Lakeside Selected for School Safety Pilot Program: School to Receive Four Entrance Metal Detectors

DeKalb County School District selected Lakeside High School and its projected 2,100 students to join four other schools in a pilot program to place 20 walkthrough metal detectors throughout the district.

In a survey of 107 students over half thought security was something to address at Lakeside, but there were many questions raised about the practicality and logistics of metal detectors at LHS. One recurring question was where the metal detectors would go at Lakeside. There are over 20 entrances at Lakeside and some students felt that the placement of the detectors would not change security situation at Lakeside, but possibly make it worse. “If this program does actually make it to the fall, I think people in the trailers are going to have a harder time because if they have to go the through the detector every time they go inside, they could be late just for trying to get to class,” said junior Marissa Bryce.

According to the National Criminal Justice Reference Service (NCJRS), if a student prepares to go through the detector and their items don’t trigger it, the average processing time is less than ten seconds. On the other hand, if a student does not prepare to walk through, the processing time can range

from three to five minutes.

This does not delay of waiting to be scanned or the possibility of a student’s items triggering the metal detectors. When freshman Jamie Scott saw this data he said, “I don’t believe Lakeside’s safety will improve from these metal detectors. This just feels like a quick response to safer schools instead of planning out a more elaborate response to a big issue.”

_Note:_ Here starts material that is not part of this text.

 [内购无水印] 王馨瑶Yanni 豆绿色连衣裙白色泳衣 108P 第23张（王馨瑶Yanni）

The district decided to implement these changes at the beginning of the second semester when an individual brought a gun to Martin Luther King Jr. High School in January. According to an interview with WSB-TV, Deputy School Superintendent Vasanne Tinsley said the district realized change was necessary after the nation had at least 15 school-related gun incidents since the start of 2018. The schools received upgraded security systems and cameras. They enhanced web filters for DCSD technology to alert district officials if a Google searches involves words that pose a threat to the school environment. Some trigger words for the filter include bombs, suicide, murder, guns, and kill. Future school buildings may include roll-down doors that will help to increase security if a non-authorized individual enters the school premises.

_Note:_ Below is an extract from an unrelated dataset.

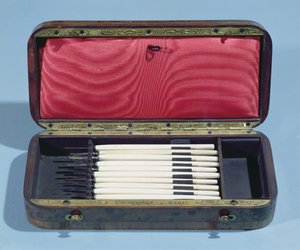 パリのシャルリエール製のオキュリスト楽器ケース 作： French School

It’s Time for a Check: DeKalb Schools Police has hired two K-9 units to improve school safety. They have performed three random searches in DeKalb this year, including one at Lakeside in January.

Photo courtesy of: WSB-TV


The district will start the program in the fall by placing 4 metal detectors at one high school site per region. Cross Keys High School (Region 1), Stone Mountain High School (Region 3), Martin Luther King Jr. High School (Region 4) and Towers High School (Region 5) will also participate in the program. The program will cost the school district $150,000 and the schools for each region were chosen by instances of weapons, drugs, fights, and gang activity.